A maneira incomum como um sistema de saúde católico está aplicando uma lei de protesto contra o aborto
Um sistema hospitalar católico está processando vários pacientes da Califórnia e seus defensores porque os pacientes supostamente se recusaram a receber alta. Os processos invocam uma nova abordagem jurídica: acusá-los de invadir uma lei da Califórnia destinada a impedir que os manifestantes anti-aborto bloqueiem o acesso às instalações de saúde.
A Dignity Health entrou com três ações judiciais no condado de Sacramento acusando pacientes de “bloqueio comercial” por se recusarem a desocupar leitos hospitalares, embora o prestador de cuidados de saúde os tivesse considerado médica e legalmente elegíveis para voltar para casa ou para outra instalação. A Dignity alega que os pacientes recusaram a alta “de forma injustificada e ilegal”, prejudicando a sua capacidade de servir outras pessoas numa altura em que as unidades de saúde estavam sobrecarregadas pela COVID-19.
Parentes e defensores dizem que os pacientes estavam exercendo o seu direito de receber alta para uma unidade que oferecesse cuidados adequados e que eles pudessem pagar, e não simplesmente mandados para casa sem a capacidade de cuidar de si próprios.
As ações judiciais poderão estabelecer precedentes importantes tanto para a utilização do estatuto de bloqueio comercial da Califórnia para perseguir os pacientes e os seus defensores como, de forma mais ampla, para o tratamento de casos em que o hospital e o paciente não conseguem chegar a acordo sobre um plano de alta.
O lobby hospitalar do estado destacou recentemente os atrasos nas altas como um problema crescente que custa à indústria 2,9 mil milhões de dólares por ano. A Associação Hospitalar da Califórnia estima que pelo menos 5.000 pacientes todos os dias enfrentam tais atrasos, muitas vezes na tentativa de identificar instalações de enfermagem qualificadas.

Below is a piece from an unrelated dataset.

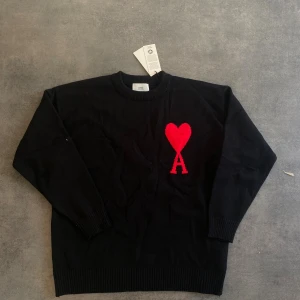 Svart stickad tröja från Ami - Svart stickad tröja från Ami med rund hals och ribbade muddar. Säljes då den inte passade mig 👍Skickar samma dag✅kan gå ner i pris om det är snabb affär 👌Hör av er vid frågor 🙂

Os defensores dos pacientes, que normalmente cobram aos pacientes uma taxa para ajudá-los a navegar no sistema de saúde, alertam que uma decisão a favor da Dignidade poderia esfriar toda a sua profissão e dar aos hospitais uma nova via para obter dinheiro dos pacientes.
“Poderia ser um divisor de águas se fosse em qualquer direção”, disse Tony Chicotel, advogado sênior da California Advocates for Nursing Home Reform, com sede em Berkeley, que trabalhou em casos de alta hospitalar. “Se for um veredicto da defesa, saberemos que nossas leis protegem um pouco os pacientes. E se for o veredicto de um demandante, os pacientes em todo o estado poderão ser abandonados e nós, defensores, teremos que descobrir sobre o que podemos falar sem sermos processados. ”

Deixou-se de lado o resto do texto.